第168章 跟旁的事無關(1/2)
這麼久了,其實杭司也不是沒試圖找過那個叫司念的孩子,但茫茫世界去哪找呢?有無數種可能,她唯獨沒想到他已經不在了。
她之所以沒堅持去找,是因為小時候的那段經歷對她來說是癰疽,對於當年的其他孩子來講又何嘗不是?她不想去打擾司念,或許他也跟自己一樣也對那段經歷避猶不及。

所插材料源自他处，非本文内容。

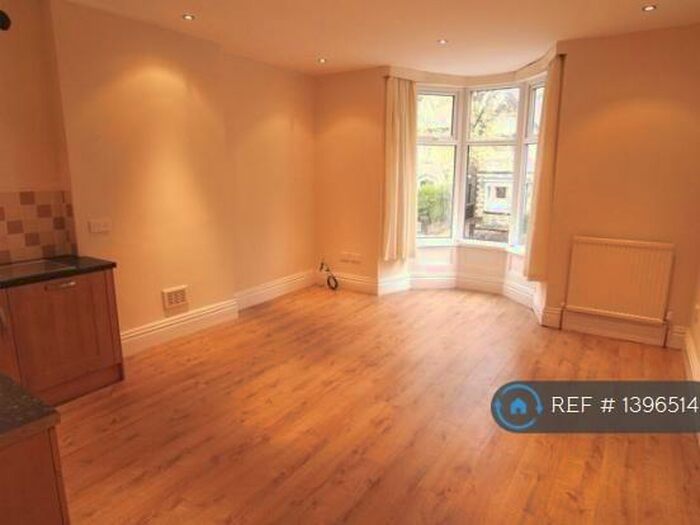 1 Bedroom Flat To Rent In Montgomery Road, Sheffield, S7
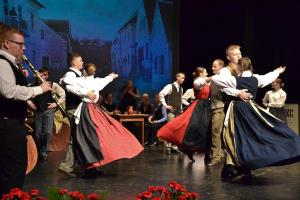 Preplet ljudskih plesov in godbe MFS Lintvar 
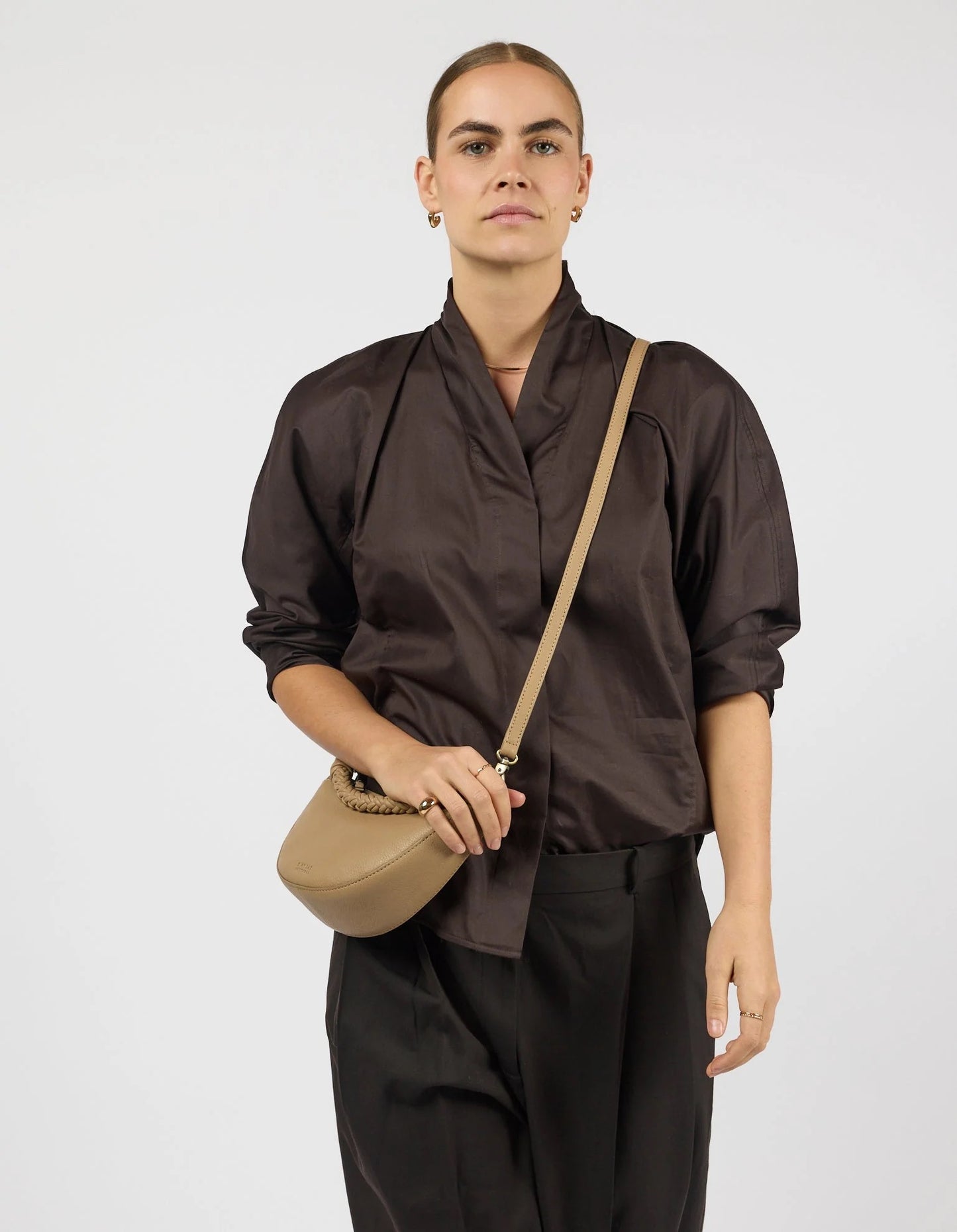 O MY BAG LEO MINI Handtasche, dark sand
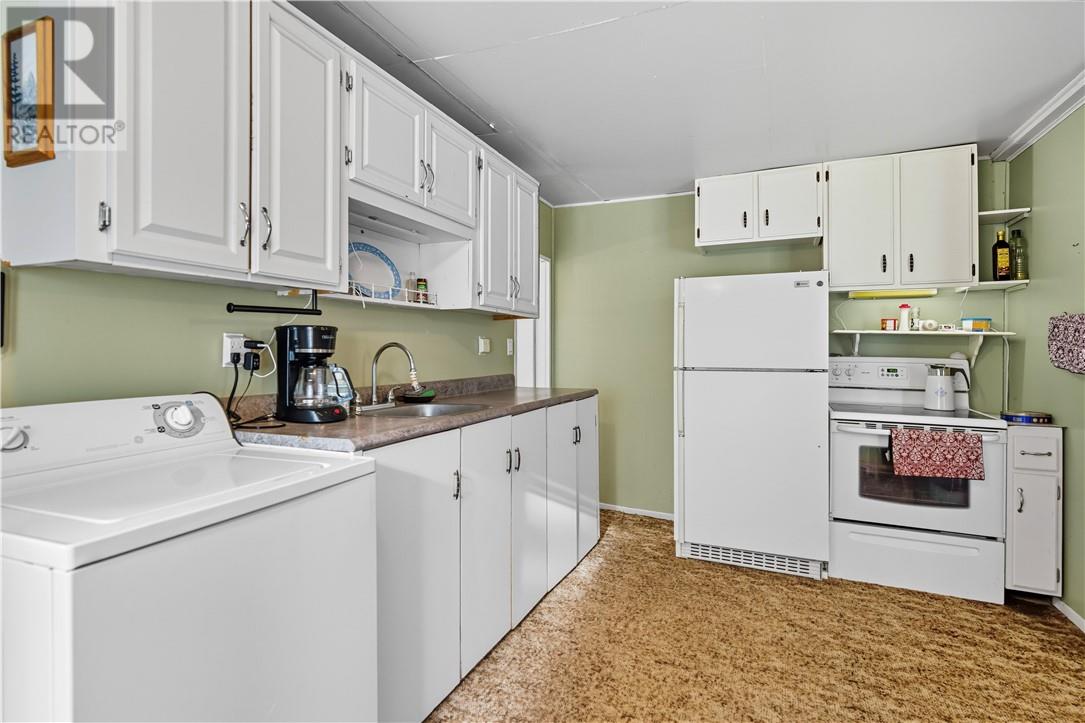 41 Graham Road, Massey, Ontario  P0P 1P0 - Photo 6 - 2125020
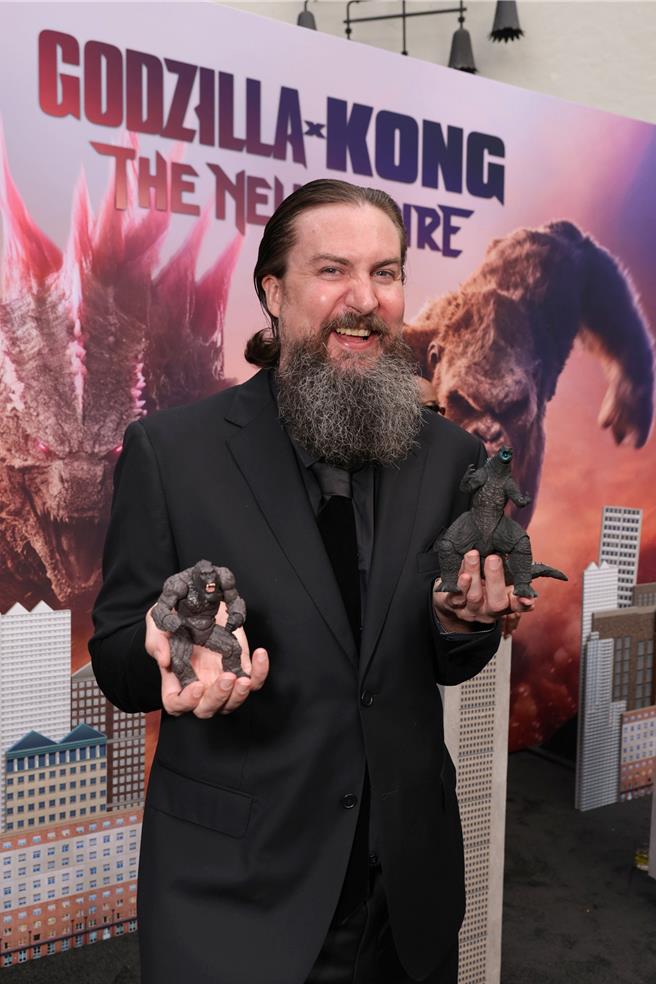 《哥吉拉与金刚：新帝国》导演亚当温高德曾说过，自己从小就是怪兽迷。（华纳兄弟提供）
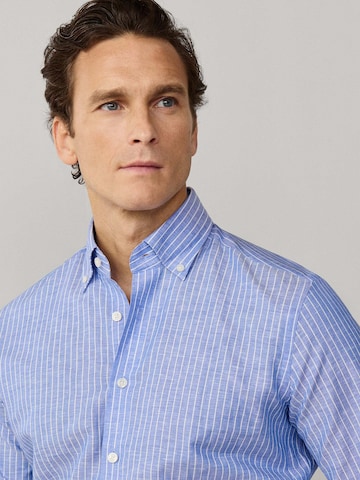 Coupe regular Chemise Hackett London en bleu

杭司想起關鍵點,「那伙人既然有伏法的,從他們嘴裡問不出來嗎?能自由出入塔里的孩子應該不多吧?」
陸南深眉間深思,「當年在塔內看守的人已經死了,伏法的那些記不得孩子的情況了。」
線索就徹底斷了。
司念真就像陸南深說的那樣,憑空而來又憑空消失。
房間裡安靜了少許,陸南深突然問,「喬淵那句話是什麼意思?」
杭司一時間沒反應過來。
「他說『相比你曾經做過的事』。」陸南深輕聲問,「你做過什麼?」
杭司紅唇微張,一時間沒回答。
陸南深輕柔低語,「沒關係,你不想說就不說。」
「不是……」杭司眼角眉梢是困頓,「我沒做過什麼啊。」
其實她始終沒理解喬淵那句話里的意思,當時她對喬淵也只有無盡的恨,在她看來一切都不過是喬淵的藉口。
喬淵是來自地獄的魔,魔想噬人,何患無辭?
直到逃離了那個島,直到她在西安的時候慢慢滋養和恢復了自己,曾有一次的午夜夢回她又看見了喬淵,那雙眼如同沁泡在寒潭裡的晶,冷冷跟她說,相比你曾經做過的事,我對你做的一切都是仁慈。
她嚇醒了。
她開始後悔,當初應該追問的。
陸南深詫異。
杭司明白他的神情,自己也是百口莫辯的模樣,她是真的、真的不清楚喬淵為什麼會那麼說,而且在西安的時候她也是真的從頭捋了一遍,將自己能記住的事全都拎出來過了一遍,她能確定的是,只有人負她,沒有她負人。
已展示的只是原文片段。